Linked List - Add Two Numbers

All diagrams presented herein are original creations, meticulously designed to enhance comprehension and recall. Crafting these aids required considerable effort, and I kindly request attribution if this content is reused elsewhere.

Difficulty : Easy

Consider edge cases.

Problem

You are given two non-empty linked lists representing two non-negative integers. The digits are stored in reverse order, and each of their nodes contains a single digit. Add the two numbers and return the sum as a linked list.

Example 1:

Input: l1 = [2,4,3], l2 = [5,6,4]
Output: [7,0,8]
Explanation: 342 + 465 = 807.

Example 2:

Input: l1 = [0], l2 = [0]
Output: [0]

Example 3:

Input: l1 = [9,9,9,9,9,9,9], l2 = [9,9,9,9]
Output: [8,9,9,9,0,0,0,1]

Solution

A picture is worth a thousand words.

So let’s start with the below picture first where the code and diagrams are connected together for self-explanation.

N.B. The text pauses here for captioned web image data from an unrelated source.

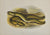 Sharp-Nosed Eel, Broad-Nosed Eel: Houghton 1879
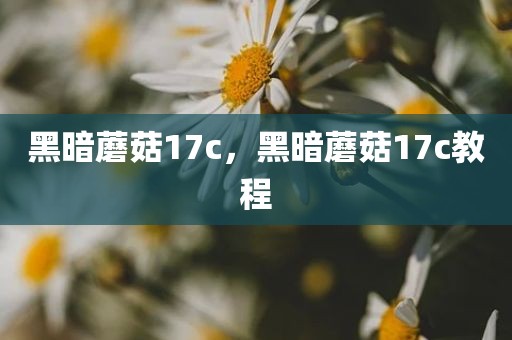 黑暗蘑菇17c，黑暗蘑菇17c教程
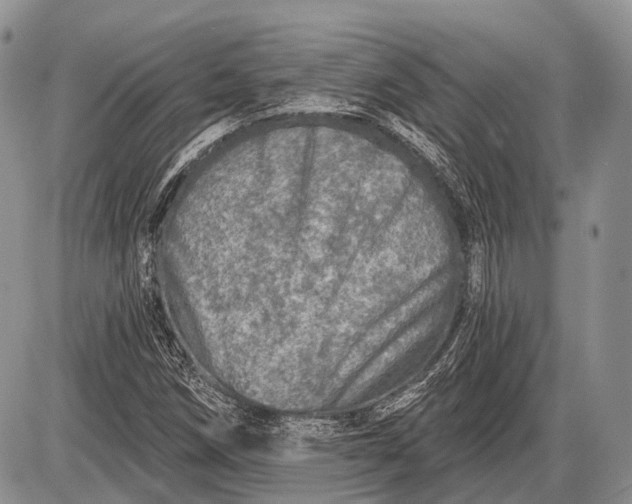 X0000085001258200703191041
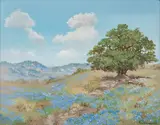 Robert Harrison, Bluebonnet Landscape, oil on canvas board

We start with a dummy node as we have to start creating a new LinkedList.

dummy = ListNode(0, None)
curr = dummy

The carry is the most important variable here. Initially set it to 0

carry = 0

Now loop until both of the LinkedList is None.

Notice we are using or and not and. So even if one LinkedList is None, still the loop will continue.

while l1 or l2:

In case one LinkedList is None, we will still assume its value is 0 so that the sum logic can keep continuing. We can certainly write this code such that once once LinkedList is None, the loop ends and we have another logic just to keep taking values from the longer list. However doing this way is more clean.

    val1=l1.val if l1 else 0
    val2=l2.val if l2 else 0

Calculate the sum and carry.

    val=val1+val2+carry
    carry=val // 10
    val = val % 10

Create new ListNode and set that as the next of curr.

    curr.next=ListNode(val)
    curr=curr.next

Traverse both the l1 and l2 LinkedList.

    l1=l1.next if l1 else None
    l2=l2.next if l2 else None

Finally, in case if there is a carry at the end, create a new node.

if carry>0:
    curr.next=ListNode(carry)

Final Code

Here is the full code.

def add_two_numbers(l1, l2):
    dummy = ListNode()
    curr = dummy

    carry = 0
    while l1 or l2:
        val1 = l1.val if l1 else 0
        val2 = l2.val if l2 else 0

        val = val1+val2+carry
        carry = val // 10
        val = val % 10

        curr.next = ListNode(val)
        curr = curr.next

        l1 = l1.next if l1 else None
        l2 = l2.next if l2 else None

    if carry > 0:
        curr.next = ListNode(carry)

    return dummy.next

Runtime Complexity

The runtime will be O(n) as we are simply scanning through the list once.